The Commission on Presidential Debates caused a firestorm last week when it canceled the second presidential debate. The now-axed, 90-minute debate would have taken place this Thursday, October 15.
Americans should know that the debate commission terminated the planned event after President Trump stated that he wouldn’t compete in a virtual debate. The president dismissed such a debate format as “ridiculous,” stating that it’s simply not the proper way.
The debate commission’s decision to have the second debate occur virtually happened after the president tested positive for coronavirus. However, Trump has since received medical approval for public engagements and a note from White House physician Sean Conley, affirming that Trump doesn’t pose a COVID-19 transmission risk.
Even in light of these developments, the Commission on Presidential Debates has declined to re-schedule a second, in-person contest between Trump and Biden. Therefore, the debate commission is now receiving backlash from Republicans and conservatives who support the president.
Conservative backlash against the Debate Commission
Criticism towards the Commission on Presidential Debates centers around a very clear belief: the decision to first virtualize and then subsequently cancel the second presidential debate is rooted in bias towards Biden.

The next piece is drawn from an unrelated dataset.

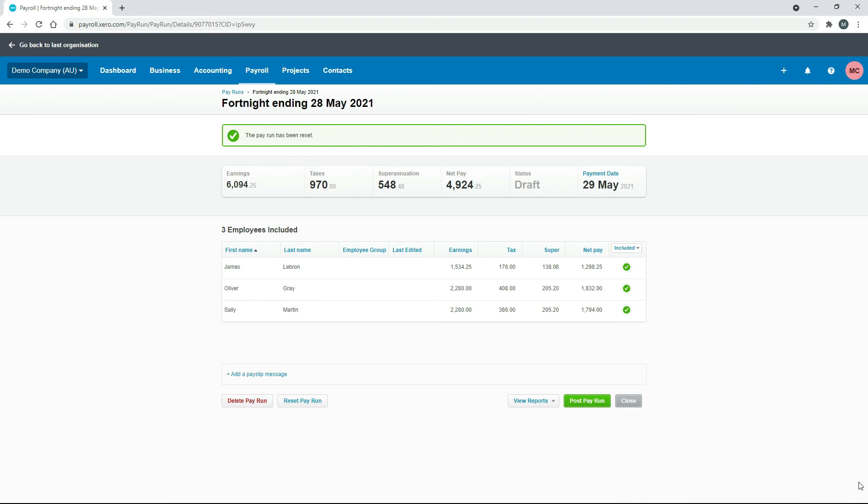That's just a quick lesson on how you can make edits to your pay runs before you've posted them and how you can reset the edits.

After the debate commission’s cancellation, former Republican Sen. Bob Dole came out and stated that not a single member of the commission supports President Trump. On Sunday, RNC chairwoman Ronna McDaniel shared her own concerns about the Commission on Presidential Debates.
McDaniel ultimately criticized the debate commission for “unilaterally” terminating the October 15 debate. The RNC chairwoman then went on to note that the Commission on Presidential Debates never once consulted the presidential candidates before nixing the second contest.
Finally, McDaniel asserted that the debate commission is in the “pocket of Joe Biden” and wrong for blocking the second Trump vs. Biden debate.
Moving forward in the 2020 election
The second presidential debate may be off the table but this is not slowing down the president’s re-election campaign by any means.
This week, Trump is set to appear in Florida, Iowa, and Pennsylvania. During these stops, the commander-in-chief will rally with supporters. These rallies will furthermore mark Trump’s return to the campaign trails since recovering from coronavirus.
Whether another presidential debate will or will not happen on October 22 as planned, is currently in the air.